O Relatório Global de Monitoramento da Cobertura Universal de Saúde 2025 revela um aumento significativo no Índice de Cobertura de Serviços de Saúde, que passou de 54 para 71 pontos entre 2000 e 2023. Nesse mesmo período, a quantidade de pessoas que enfrentam dificuldades financeiras devido a gastos com saúde caiu de 34% para 26%, indicando uma leve melhoria nas condições financeiras das populações em relação a despesas médicas.

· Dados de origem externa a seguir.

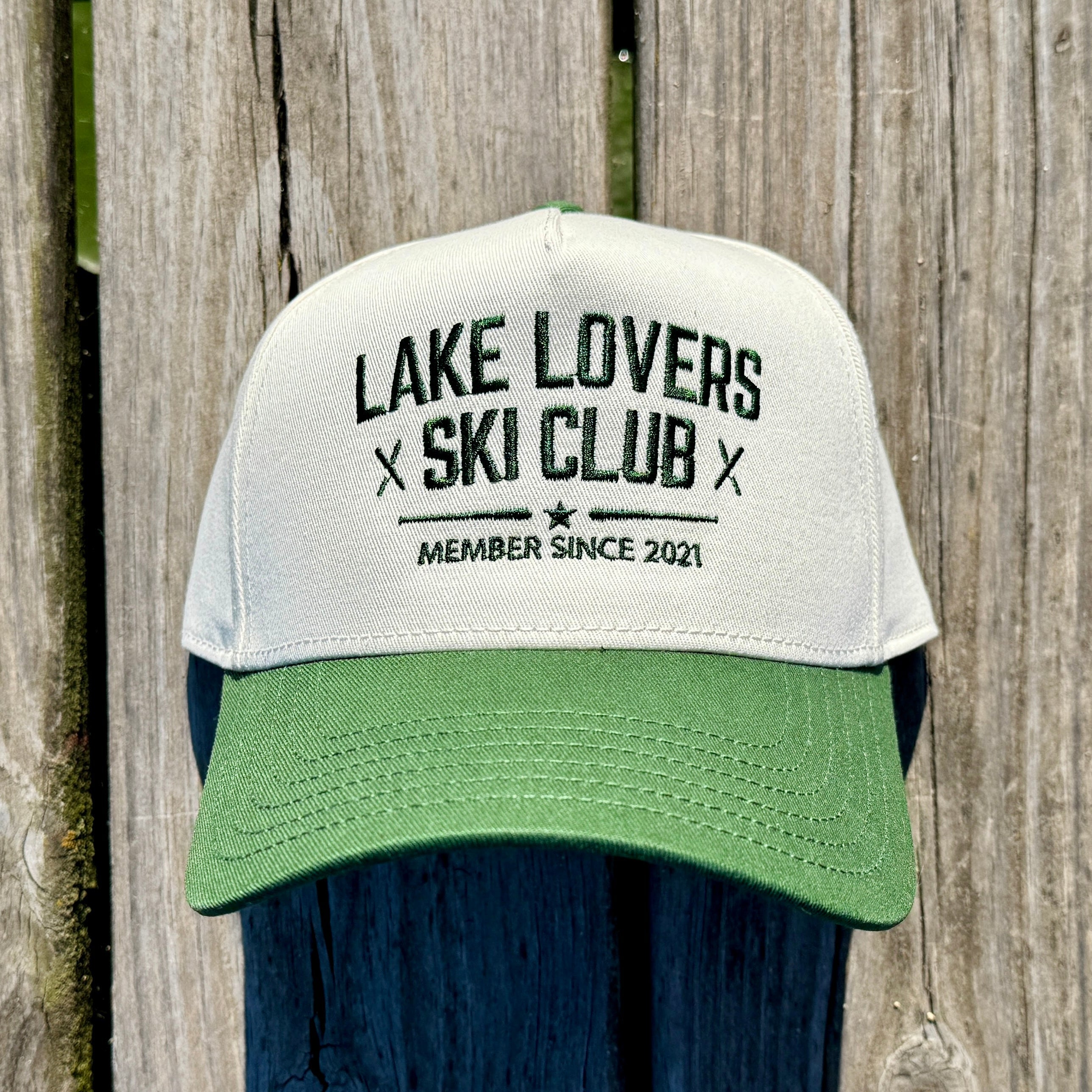 Beige hat on a dock with a forest green brim and text on it in green that says Lake Lovers Ski Club.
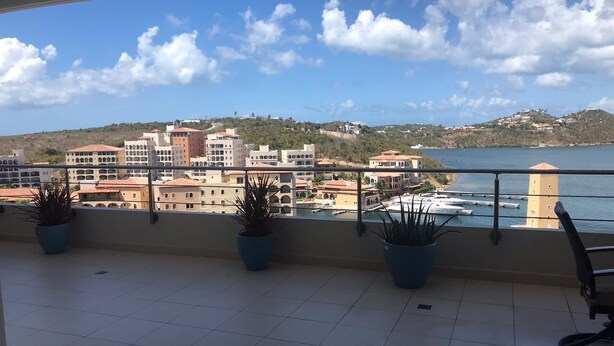 A balcony with potted plants, a view of a coastal town, and a clear sky. - Blue Residences at Blue Mall (Lowlands)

No entanto, as pessoas mais pobres continuam enfrentando os maiores desafios. O documento aponta que cerca de 1,6 bilhão de indivíduos foram levados ainda mais para a pobreza em razão de despesas de saúde. Globalmente, aproximadamente 4,6 bilhões de pessoas ainda não têm acesso a serviços de saúde essenciais, e 2,1 bilhões enfrentam dificuldades financeiras ao buscar cuidados necessários.
As despesas diretas com medicamentos são um dos principais obstáculos. Em três quartos dos países analisados, os gastos com remédios representam mais de 55% das despesas de saúde. Entre a população mais pobre, essa porcentagem sobe para uma média de 60%.

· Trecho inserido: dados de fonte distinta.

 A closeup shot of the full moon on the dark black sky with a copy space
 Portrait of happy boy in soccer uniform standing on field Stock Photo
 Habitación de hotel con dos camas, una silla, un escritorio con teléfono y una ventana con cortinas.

Embora tenha havido progressos nas últimas duas décadas, o documento ressalta que o avanço global tem desacelerado desde 2015. Apenas um terço dos países está conseguindo melhorar a cobertura de serviços ao mesmo tempo em que reduz as dificuldades financeiras. Enquanto todas as regiões na Organização Mundial da Saúde (OMS) avançaram na cobertura, apenas as regiões da África, Sudeste Asiático e Pacífico Ocidental conseguiram também diminuir o impacto financeiro.
Em 2022, três em cada quatro pessoas nas faixas mais pobres da população enfrentaram dificuldades financeiras relacionadas à saúde, em contraste com menos de 4% entre os mais ricos. As mulheres, habitantes de áreas rurais, pessoas com menos educação e aquelas em situação de pobreza são as que mais relatam dificuldades para acessar serviços de saúde essenciais.
O relatório projeta que, sem esforços adicionais, o índice global de cobertura de serviços pode chegar a apenas 74 pontos até 2030. Nesse cenário, quase 25% da população ainda enfrentarão dificuldades financeiras ao final do período das Metas de Desenvolvimento Sustentável.
Os avanços no combate a doenças infecciosas foram responsáveis pela maior parte dos progressos registrados, enquanto as melhorias na saúde materna, neonatal e infantil foram mais modestas. O documento enfatiza a necessidade de fortalecer os sistemas de saúde e a proteção social para alcançar a cobertura universal até 2030.